经过对地理位置的界定,我们对东亚的范围有了大致的认识。但是,在现实中,对于以“东亚”为名称的各种国际会议的参与者来看,诸如召开的首届东亚运动会就有日本,中国的香港、澳门、台湾,以及韩国、中国内地、朝鲜、蒙古等国家和地区参加;2002年5月2日在中国威海召开的“东北亚经济论坛”,有中、日、韩、蒙四国人士参加。就这些国家当前的发展状况来看,中、日、韩三国居于主导地位。综合各方面因素,笔者认为所谓东亚概念所界定的是以中、日、韩三国为中心但又不限于此三国的一个大致范围。
(二)法治
“法治”发源于西方,追寻其源头,要从亚里士多德说起。他说“法治应包括两重意义:已经成立的法律获得普遍的服从,而大家所服从的法律又应该本身是制订得良好的法律”[4]。亚氏的定义奠定了法治的发展基调,即从实质与形式两方面来衡量,这也可以说成是价值意义与手段意义。此后,西方法治经历了漫长的发展阶段,但都未能离开对其道德价值意义与工具意义的探讨和追寻。

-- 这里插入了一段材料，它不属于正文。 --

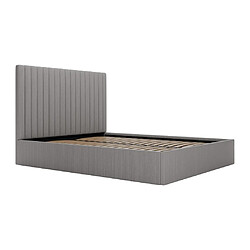 Avis Vente-Unique Lit coffre 180 x 200 cm avec tête de lit coutures verticales - Velours côtelé - Gris + Matelas - SARAH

诺内特和塞尔兹尼克在《转变中的法律与社会——迈向回应型法》一书中将法律分为三大类:压制型、自治型和回应型,且这三种类型也是法律与政治秩序和社会秩序的关系的进化阶段。压制型法最先出现,是“人治”的产物,强调权力的纵向性,是对法所内含的实质力量的认可;自治型法的出现弥补了压制型法权力无法限制的不足,是“法治”的产物,它强调了规则本身的价值,是对法律形式意义的认可;而回应型法则是笔者认为较理想的类型,即实现“使得实质正义与形式正义统合在一定制度内”[5]3-6。考察法律的历史发展进而对其归类也同样可以发现与亚里士多德法治定义中包含的实质与形式价值相同的价值,明显进步的地方则表现在强调了实质与形式的统一性。
(三)法律文化与法治文化
法律文化与法治文化的不同关涉传统与现代连接的可能性与可行性问题,也是讨论以上问题所采用方法可行性的论证。在这一问题上,笔者比较偏向于徐爱国先生的解释:“法律文化与法治文化的含义是不一样的,法律文化在价值判断上是中性的,它强调的是历史和传统,而法治文化是带有价值判断的,它强调的是当下和变革。……法律文化是一种描述,法治文化是一种构建。在东方社会的语境下,从法律文化到法治文化的转化,意味着非法治的法律文化向法治的法律文化的转向。”[6]法律文化与法治文化分具静态与动态性,对当下的讨论离不开对过去的回溯,而研究法治文化从过去到当下的进路、从传统向现代的视角是回应问题的重要方式。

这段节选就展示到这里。